⟨
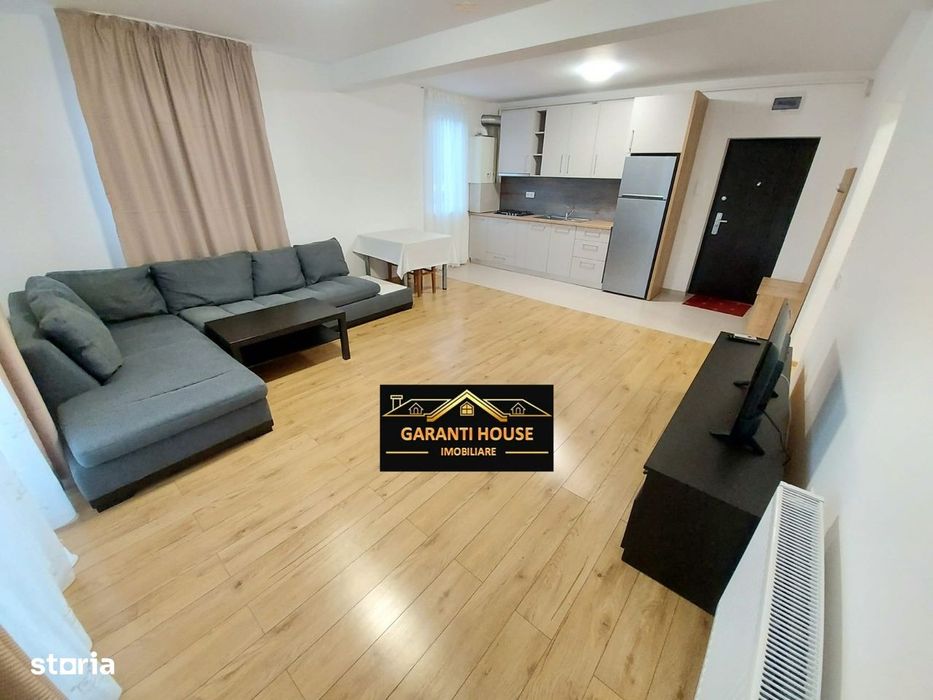 Bloc nou, apartament cu 2 camere + terasa, mobilat, parcare, 330€/Luna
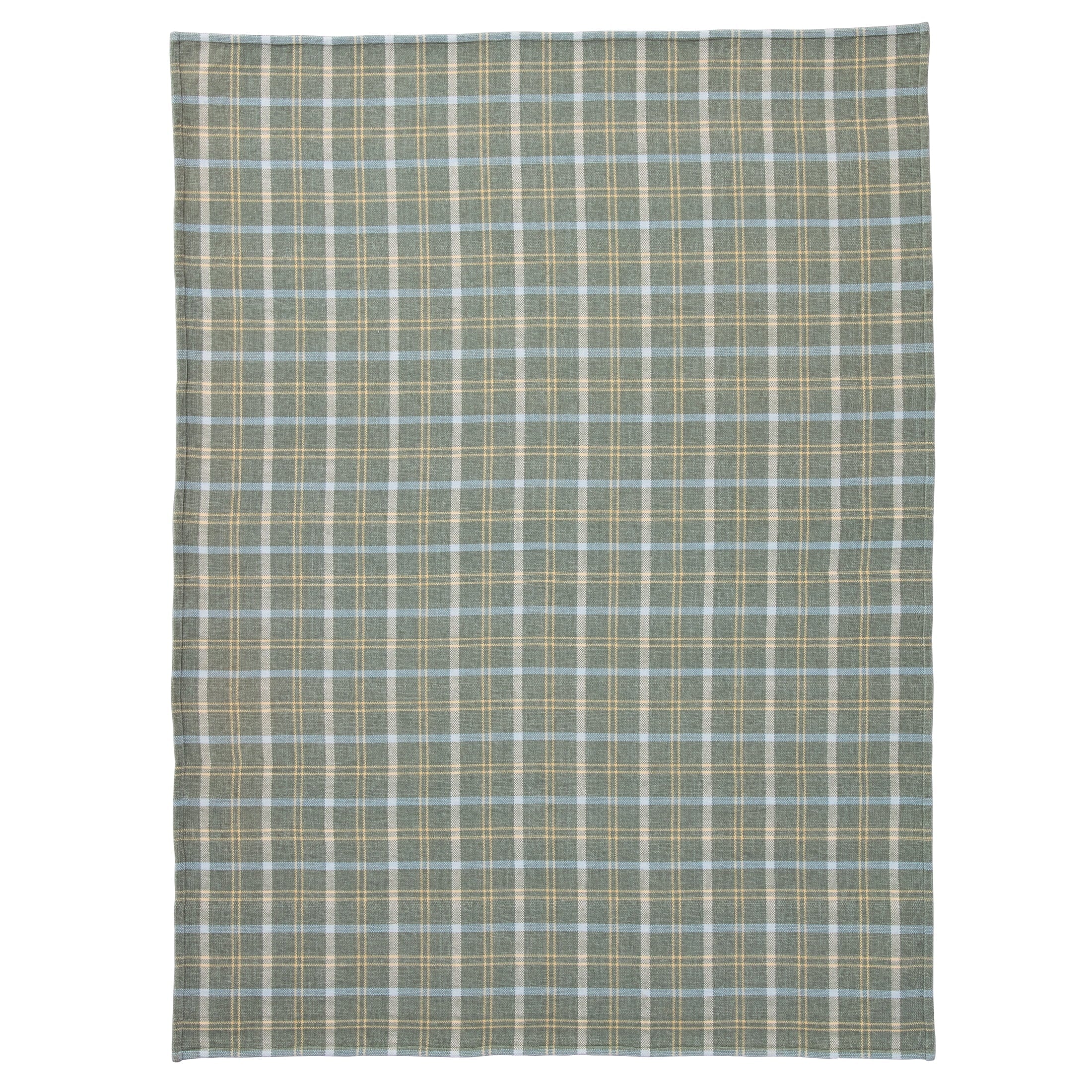 Decorative Knitted Woven Chenille Plaid Throw Blanket, Green River , 50x72 Inches - Luxury Knitted Decorative Throw Blanket with Fringes Detail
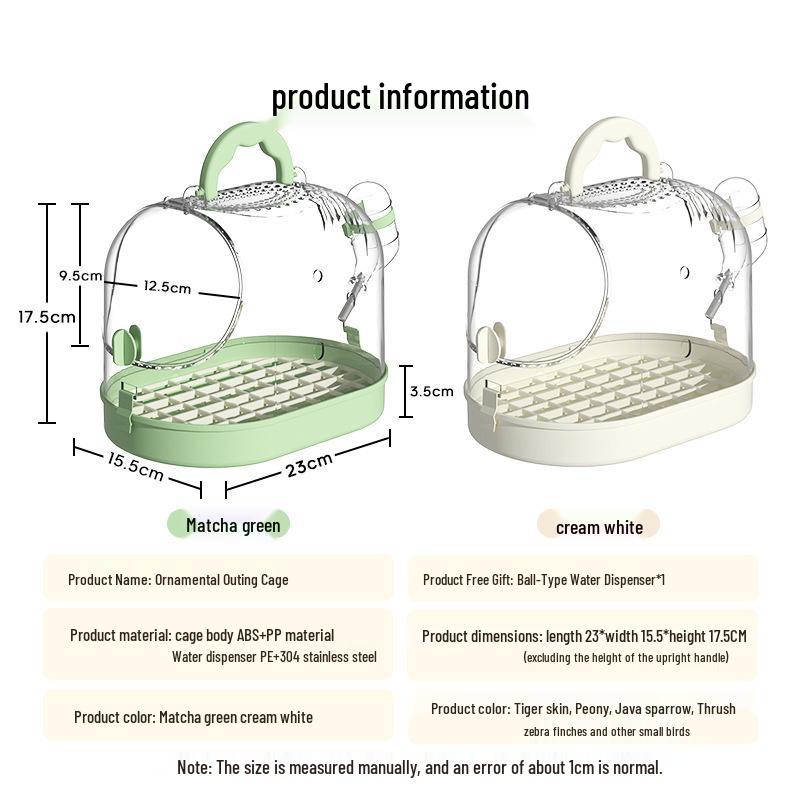 Colivie de călătorie pentru papagali: Transparent, Portabil, High-End pentru Nimfe & Peruşi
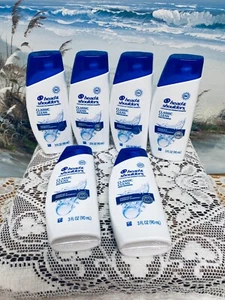 {6} Head & Shoulders Classic Clean Dandruff Shampoo 3 fl. oz. Travel Size - Picture 1 of 3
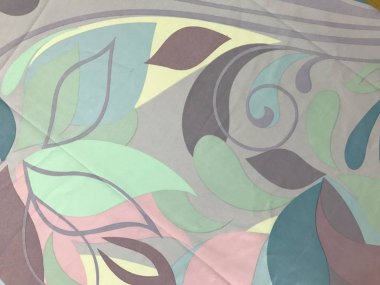 batik arka plan üzerinde güzel renkli çiçekler 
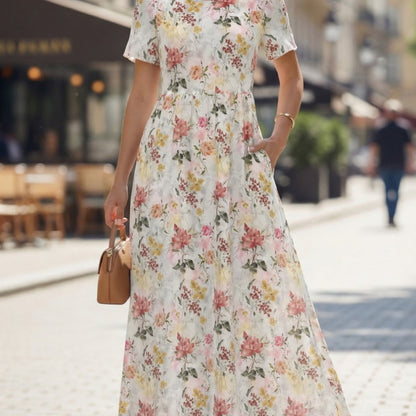 Maxi Abito Prato Estivo in Fiore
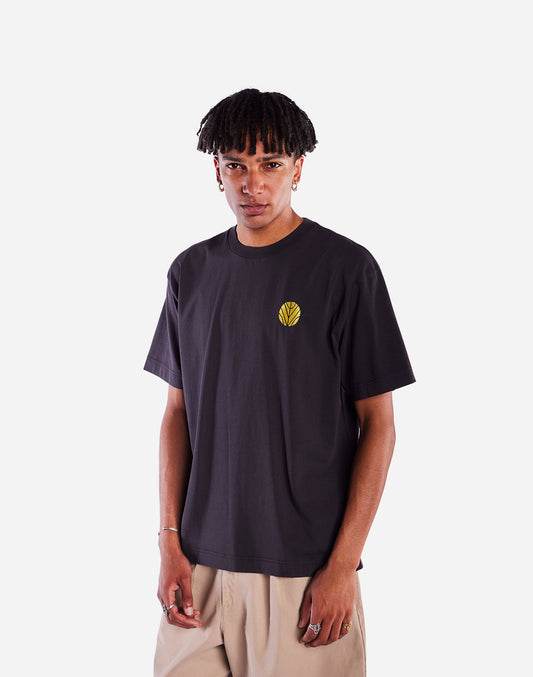T-shirt ample Ourika noir carbone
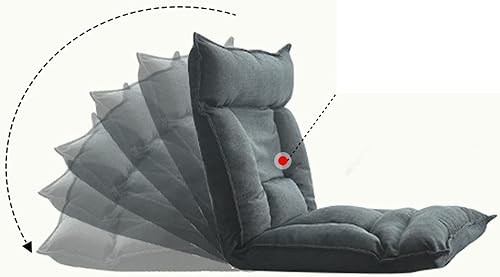 Miniatura 3 de Wonzone Sf - Puf para sofá cama individual y pequeño silla de computadora para dormitorio balcón ventana silla de piso para oficina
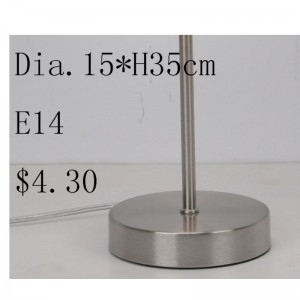 Lampa stołowa z abażurem wycinanym laserowo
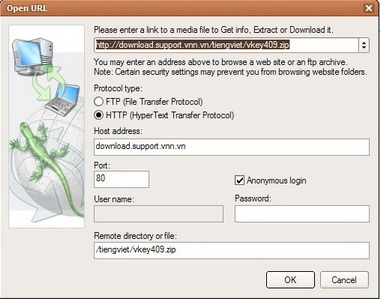 Tải chọn lọc một phần file nén với LoadScout - 1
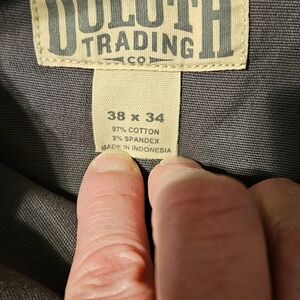 Men's Duluth Trading Company Foreman Pants 38W x 34L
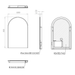 HiB Alba Arch Illuminated LED Mirror - Illuminated Mirrors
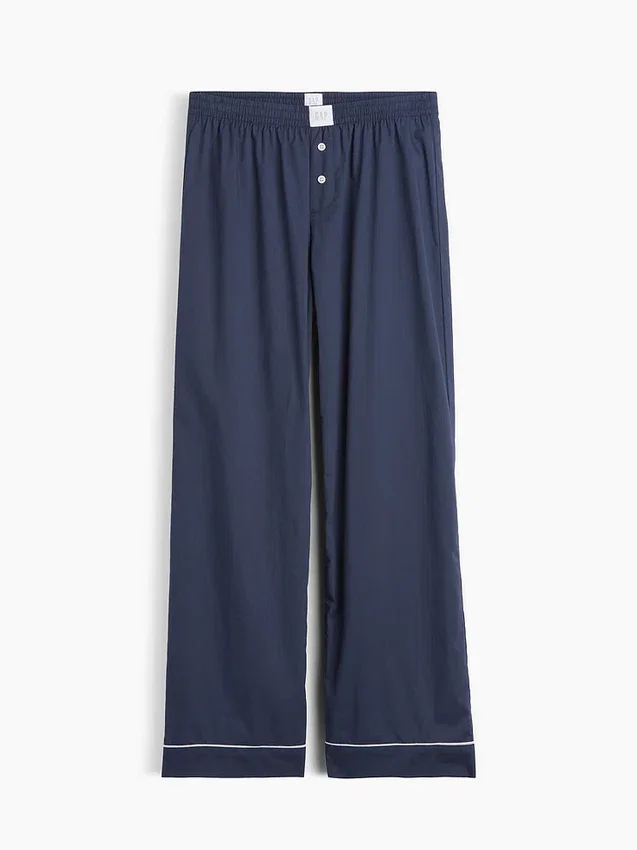 Pyjamasbukser i poplin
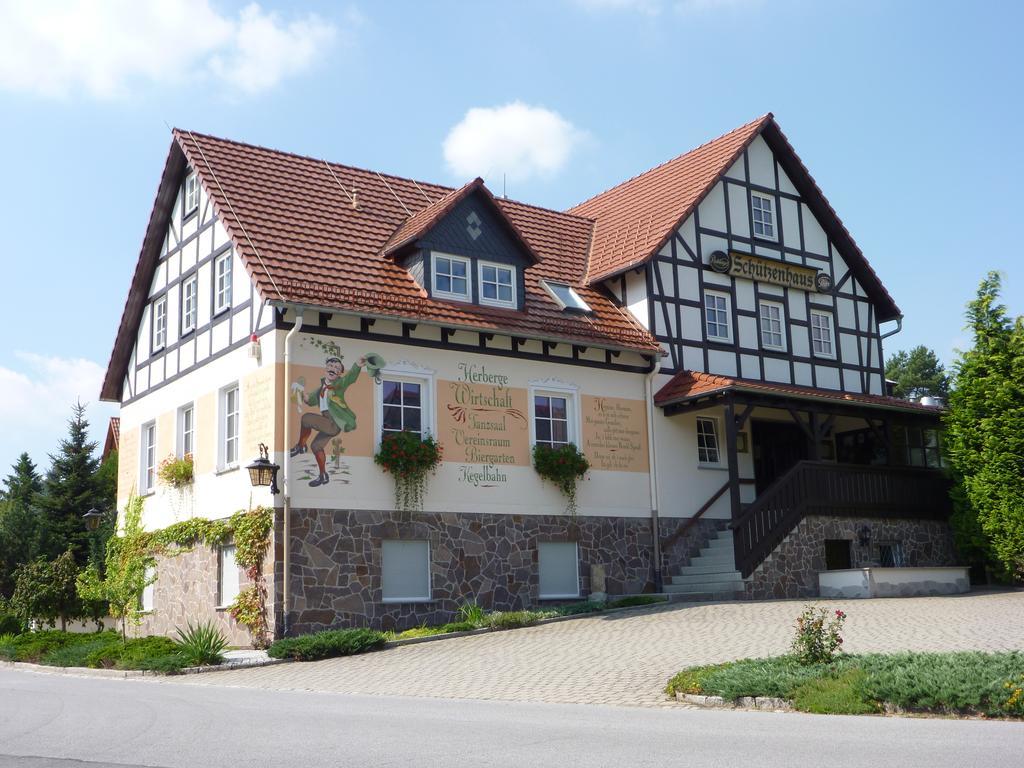 Landgasthof Pension Schutzenhaus Durrhennersdorf Exteriér fotografie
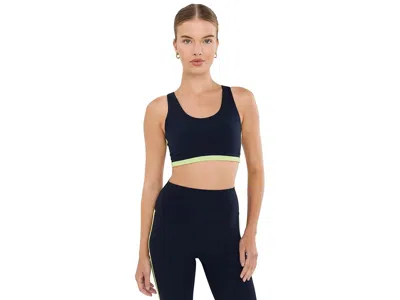 Splits59 Maci Airweight Bra Women's Bra Indigo/limeade: Lg, Nylon/spandex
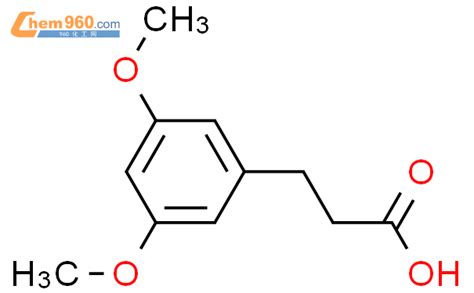 717 94 235 二甲氧基苯基丙酸化学式、结构式、分子式、mol、smiles 960化工网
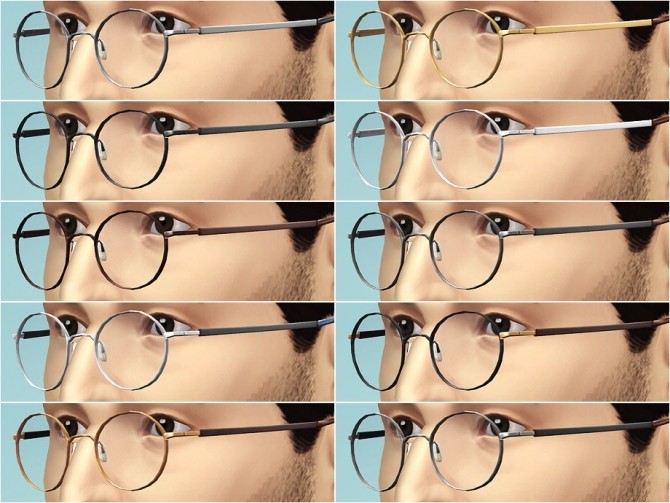 Sims 4 Eyeglasses N46 at Rusty Nail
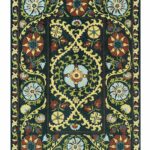 Louis De Poortere Rug, Antiquarian Bavaria 9729, Suzani design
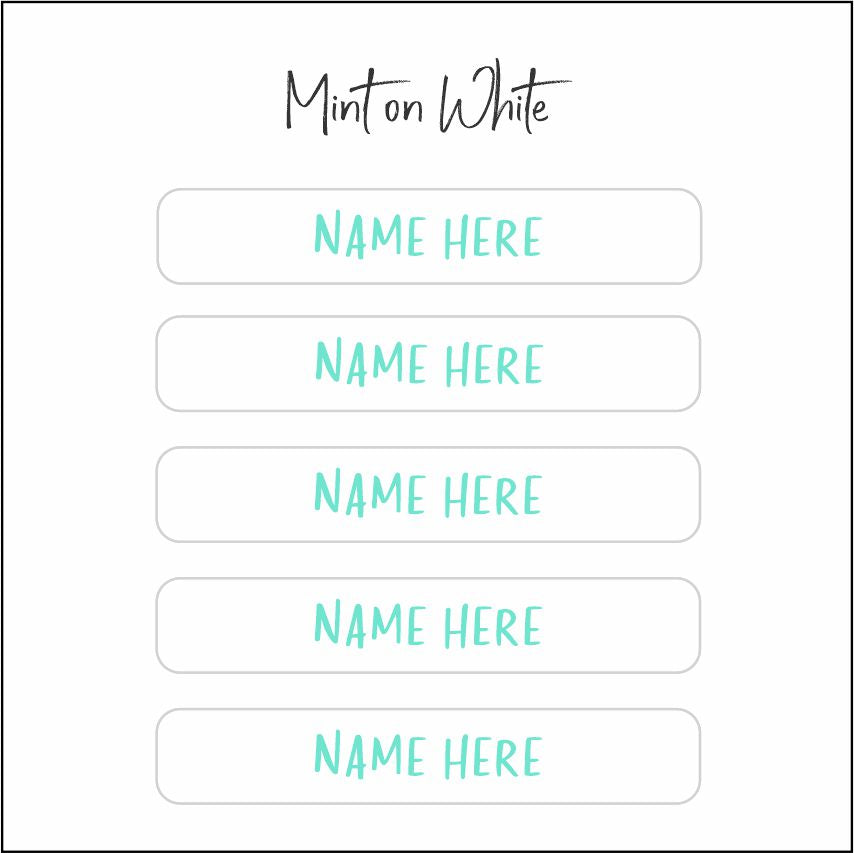 Name Label Waterproof Stickers - qty 150 - Skinny Mini 35mmx5mm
⟩
◆ **Exercise requirements**:
Could you transcribe exactly the entries above, but only the lines from the one with "Splits59 Maci Airweight" through the one with "Louis De Poortere", and without pictures?

◆ **Written reply**:
 Splits59 Maci Airweight Bra Women's Bra Indigo/limeade: Lg, Nylon/spandex
 717 94 235 二甲氧基苯基丙酸化学式、结构式、分子式、mol、smiles 960化工网
 Sims 4 Eyeglasses N46 at Rusty Nail
 Louis De Poortere Rug, Antiquarian Bavaria 9729, Suzani design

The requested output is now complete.